Marseille bids final farewell to the “boss” Bernard Tapie



[ad_1]

French business tycoon Bernard Tapie was laid to rest in Marseille, “the city of his heart” on Friday, with supporters of OM football club joining family members and politicians in a typically maverick funeral ceremony mixing spirituality and applause.

A funeral mass was held on Wednesday in Paris, the city where Tapie was born and where he died last Sunday after losing a four-year battle with cancer.

But the final mass took place on Friday in the southern port city of Marseille, in accordance with Tapie’s wishes.
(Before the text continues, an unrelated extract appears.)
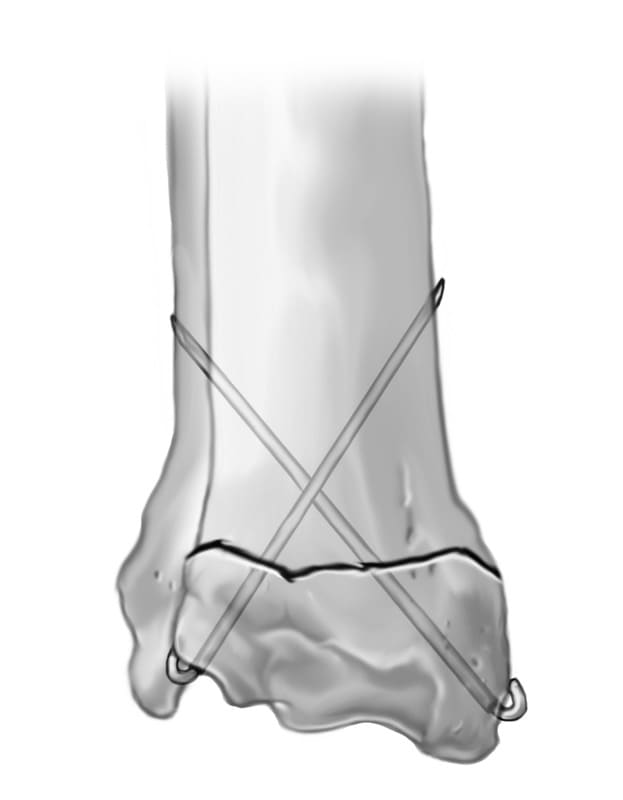 Figure 62-12. Fractures of the distal tibial physis may be stabilized with crossed Kirschner wires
“We’re taking you home,” his son Stéphane Tapie confirmed on Instagram on Wednesday.

“The gladiator is finally resting,” said former minister and longtime friend Jean-Louis Borloo in a moving speech at the Cathedral of St. Mary Major.

Samia Ghali, deputy mayor of Marseille and former socialist senator, said: “He went to get us the star”, in reference to OM’s victory in the Champions League in 1993 during Tapie’s long tenure at the head. of the club, from 1986 to 1994..

You were “strong as a lion, as cunning as a fox, but human, resolutely human”, declared Renaud Muselier, head of the region.

“You seemed invincible.

Unusual applause

OM supporters who failed to access the cathedral listened to the tributes to the one they called “the boss” through loudspeakers in the square.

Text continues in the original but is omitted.